Problem requirements →
An exact transcription of all the records, free of pictures, is the expected answer.

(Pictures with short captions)

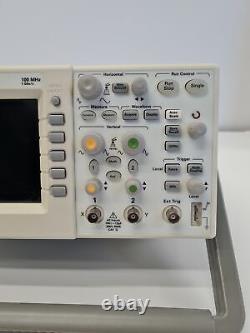 Agilent Technologies Oscilloscope numérique de stockage DSO3102A en laboratoire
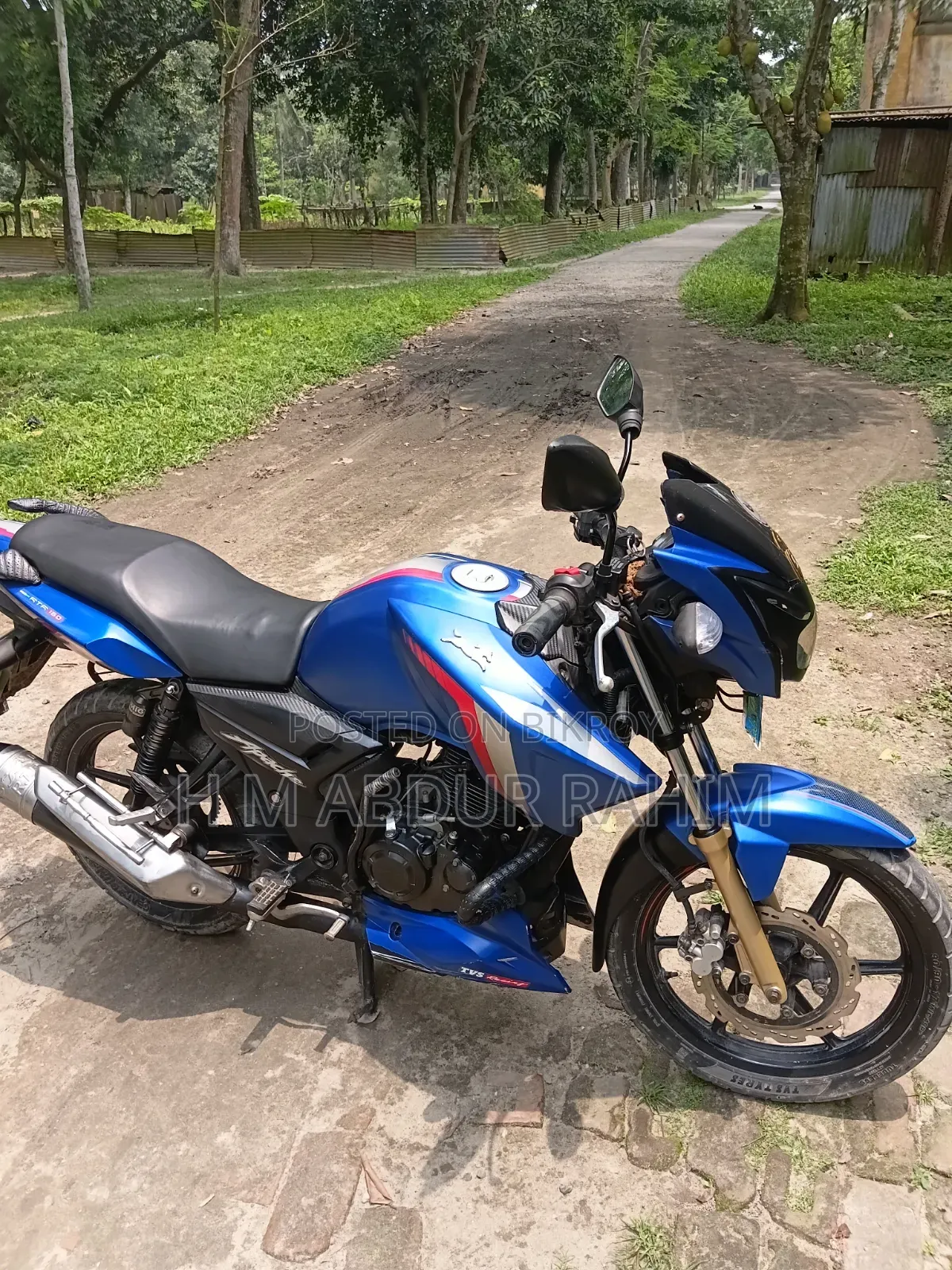 TVS Apache RTR 160 2V 2019 Blue
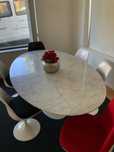Mesa Tulip marmore Carrara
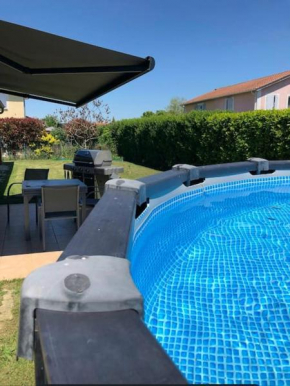 Maison très bien équipée avec piscine et au calme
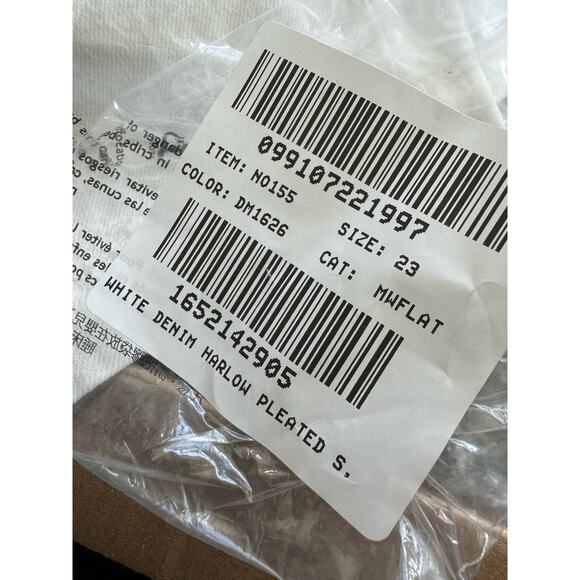 Madewell Harlow White Denim Mom High Rise Pleated Shorts Cotton Women Sz 23 NWT - Picture 8 of 10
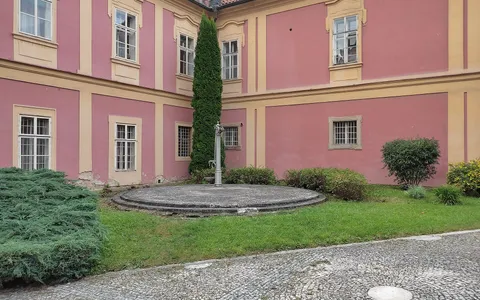 Park Na Karlově w Pradze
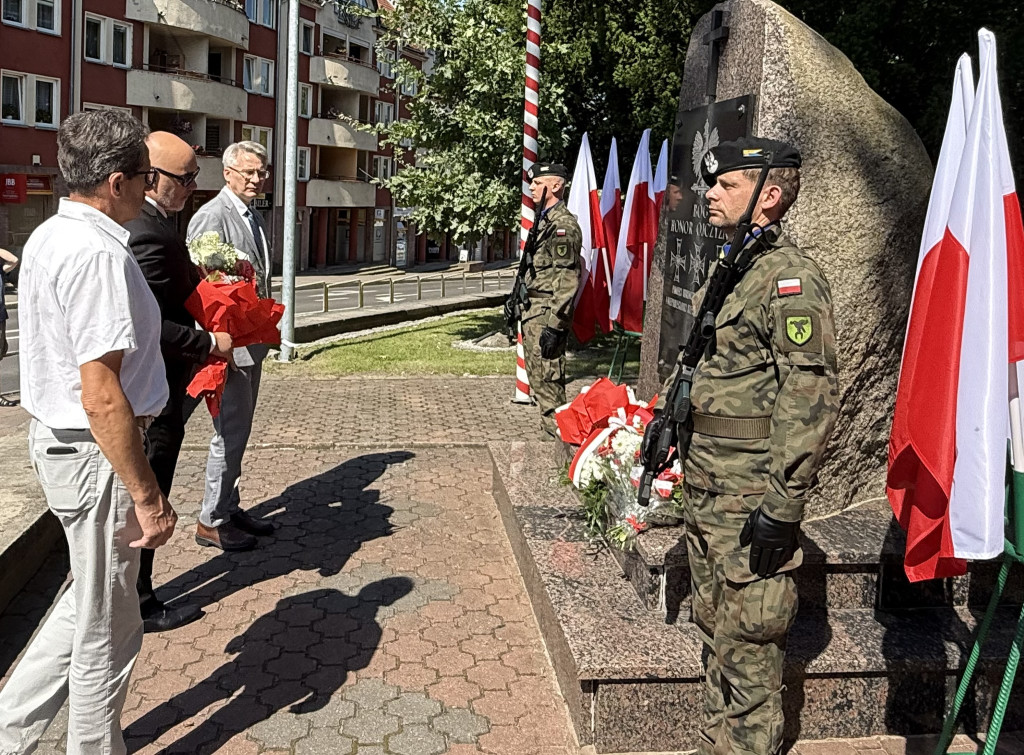 Ostróda oddała hołd żołnierzom!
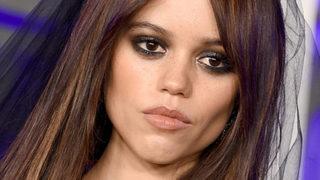 Wednesday yıldızı Jenna Ortega gecelikli pozuyla beğeni butonunu çökertti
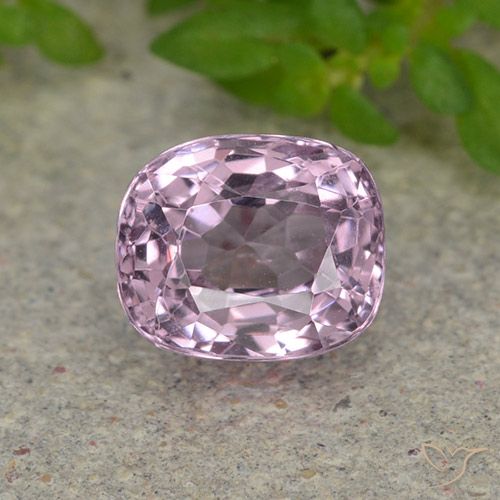 1.37ct 자연스러운 라벤더 스피넬, 방석, VVS-VS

Response for this exercise →
 Agilent Technologies Oscilloscope numérique de stockage DSO3102A en laboratoire
 TVS Apache RTR 160 2V 2019 Blue
Mesa Tulip marmore Carrara
 Maison très bien équipée avec piscine et au calme
 Madewell Harlow White Denim Mom High Rise Pleated Shorts Cotton Women Sz 23 NWT - Picture 8 of 10
 Park Na Karlově w Pradze
 Ostróda oddała hołd żołnierzom!
 Wednesday yıldızı Jenna Ortega gecelikli pozuyla beğeni butonunu çökertti
 1.37ct 자연스러운 라벤더 스피넬, 방석, VVS-VS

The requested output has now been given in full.